Examining Arne

After working with Arne and his staff pre-Obama, I have to say he was my least favorite person to be chosen to head up the Nation’s Education. When Arne left the Chicago schools were just barely staying afloat. Now that he’s gone – there isn’t much change in any direction here. What does that say about Mr. Duncan?

Mr. Duncan’s professional life started playing Ivy League basketball, you know – he endeavored to be a super privileged jock but ended up in education when he (I think) injured himself, says a lot about his ability to prioritize responsibly. Privileged jock dreams transferred into political administration and all.


A co-worker pointed out the bright side to the man’s career – at least he did manage one of the top three largest school districts in the nation… but now that he’s gone, what’s really changed? How did he get to be the head of Chicago’s schools in the first place and what’s he going to do with the nation’s education? Yay for more out of touch Ivy Leaguers running our country into the dirt.

Anyway, in the melee of our new Secretary of Education I managed to snatch up an anonymously written piece by what appears to be a perturbed stock broker who gives about 99 reasons to loath Arne Duncan. The Examiner link doesn’t work anymore. I only leave it for reference of where the original piece came from. The title doesn’t do it justice.

http://www.examiner.com/x-3865-Chicago-Public-Education-Examiner~y2009m8d30-Chicago-Arne-Duncan-presided-over-a-schools-grade-changing-scandal

The Examiner
Chicago’s Arne Duncan Presided Over a School’s Grade Changing Scandal
Written By: Anon

Duncan is a Ponzi-class con man. In light of the bubbling scandal in Chicago Public Schools I have to give U.S. Secretary of Education, Arne Duncan, more credit for his Machiavellian life story than I have. Unlike his basketball buddy, President Obama, who grimaces and honestly tells you to your face that he is going to blow up your country and rebuild it with a broken chainsaw. Duncan misleads, manipulates, and lies through his oversized Colgate smile, uttering educations generalities that any novice PTA president can produce. What else can you conclude after months of revisionist reports have come out refuting, denying, and negating the phony school reform that catapulted this sociology major into the White House as an ‘education expert?’ He never taught school, and you cannot get a principal’s certificate in Illinois without teaching a minimum of two years; so he has never run a school. But Mayor Richard Daley can anoint you anything he likes, and he will in order to destroy bad schools for Negroes and wipe out good schools for Hispanics to replace them with bad schools for everyone except the prodigal sons returning from self-imposed, ‘white flight’ exile in the suburbs. That way he makes room for repatriated middle-class families that can afford to pay the additional taxes he will have to impose to bring in the 2016 Summer Olympics, and also takes care of his real-estate cronies at the same time. True efficiency in urban evil.

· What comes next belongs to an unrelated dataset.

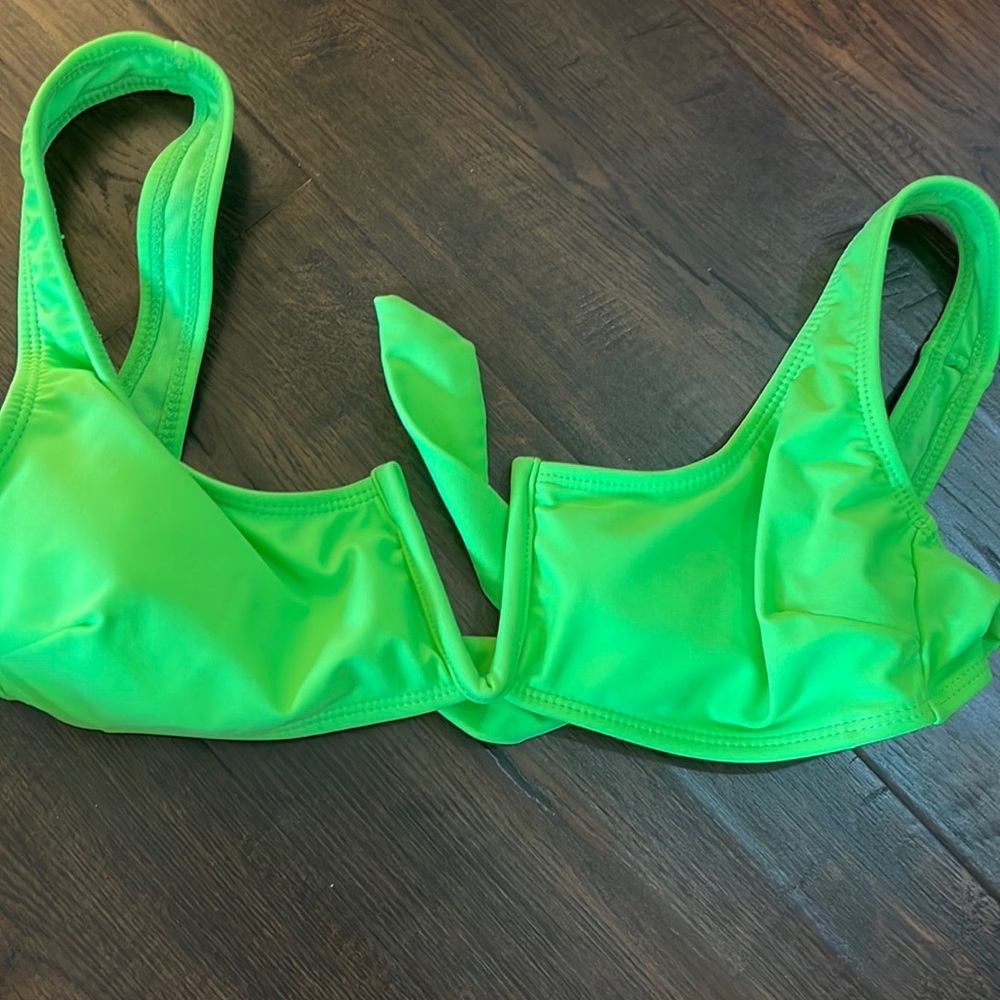 Neon green bikini top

“Mayor Richard Daley can anoint you anything he likes, and he will in order to destroy bad schools for Negroes and wipe out good schools for Hispanics to replace them with bad schools for everyone except the prodigal sons returning from self-imposed, ‘white flight’ exile in the suburbs.”

I confess that I’ve been sardonically amused by the fairy tale ascendancy of Duncan, and admit to marveling (a euphemism for jealousy) at his good fortune in choosing the right parents and making the best of growing up in proximity to poor black children like John Rodgers who also chose his parents wisely. Rogers is the African-American founder of a successful money management firm who hired his boyhood buddy, Arne, to run his company’s education outreach organization. John’s father was a judge, and his mother, the late Jewel Lafontant, was a civil rights crusader and an U.S. Ambassador. Perhaps one day I will tell you the story about the time John called me when we were both struggling young stockbrokers, he for William Blair and myself at Merrill Lynch. But that’s another story.

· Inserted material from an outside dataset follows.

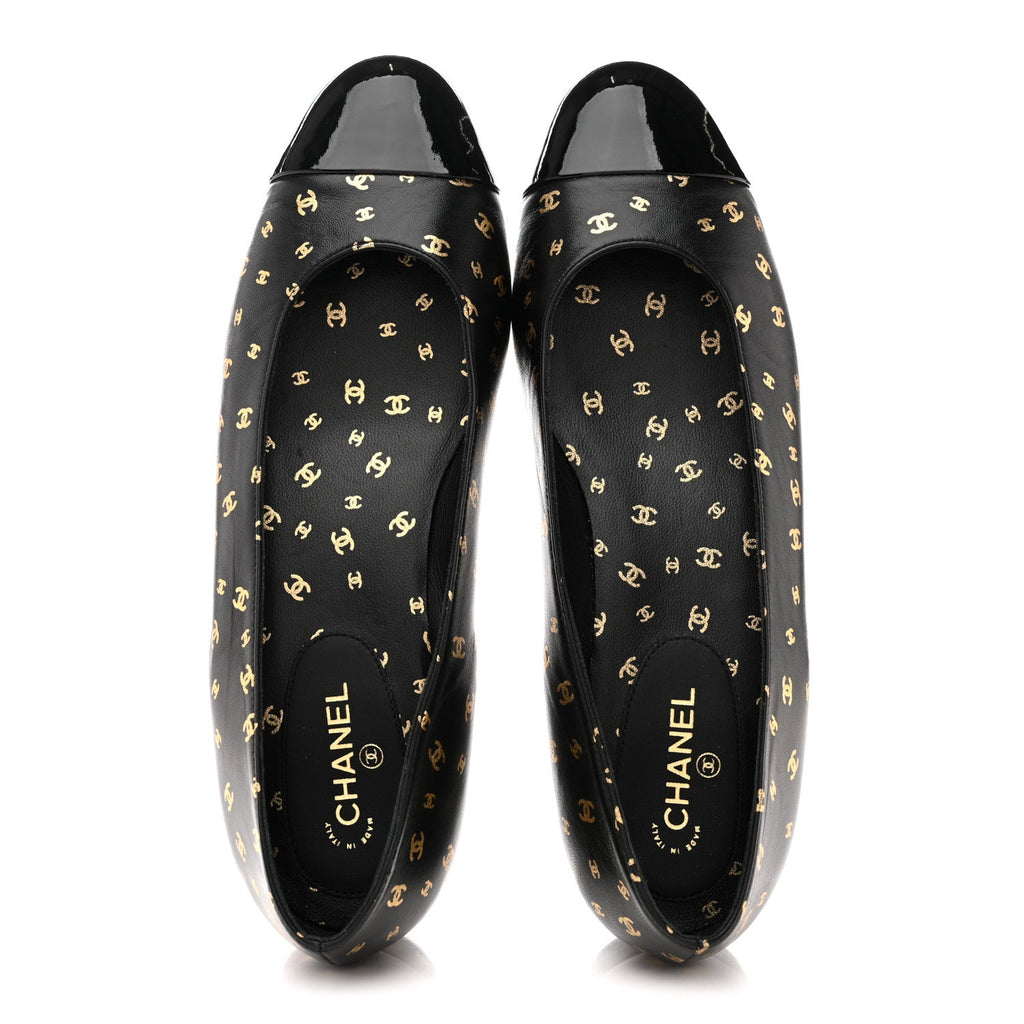 CHANEL CAP TOE BALLERINA FLATS PATENT CALFSKIN BLUE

Anyway, my humorless amusement with Duncan ended today after I read the Sun-Times story written by Rosalind Rossi and Art Golab on: CHICAGO TEACHERS PRESSURED TO CHANGE GRADES. The headline was so innocuously pedestrian I almost didn’t read it. When I did, it blew me away. The Sun-Times and the Chicago Teachers Union (CTU) conducted a joint survey this summer of 1200 teachers. For those of you who have neither been waterboarded nor forced to play with statistics, 500 is a large enough number for a statistically reliable random survey. The outcome of this ostensibly innocent exercise was the horrid revelation that one third of the teachers surveyed said they were pressured to change grades in the last year.

That’s a lot. In the five years I taught before going over to the dark side and becoming a principal, I changed one grade. The principal of Kennedy High School on Chicago’s southwest side rushed into my classroom after final grades were submitted and politely requested (euphemism for pleading like an indicted alderman) I change the failing grade of a graduating senior who’d attempted suicide the night before. I didn’t much like the girl but she did me a semester-long favor by constantly cutting my class, and she didn’t need the history credit. She was going to graduate anyway, so I returned the favor. Grade changing is a rare rabbit. Or was then.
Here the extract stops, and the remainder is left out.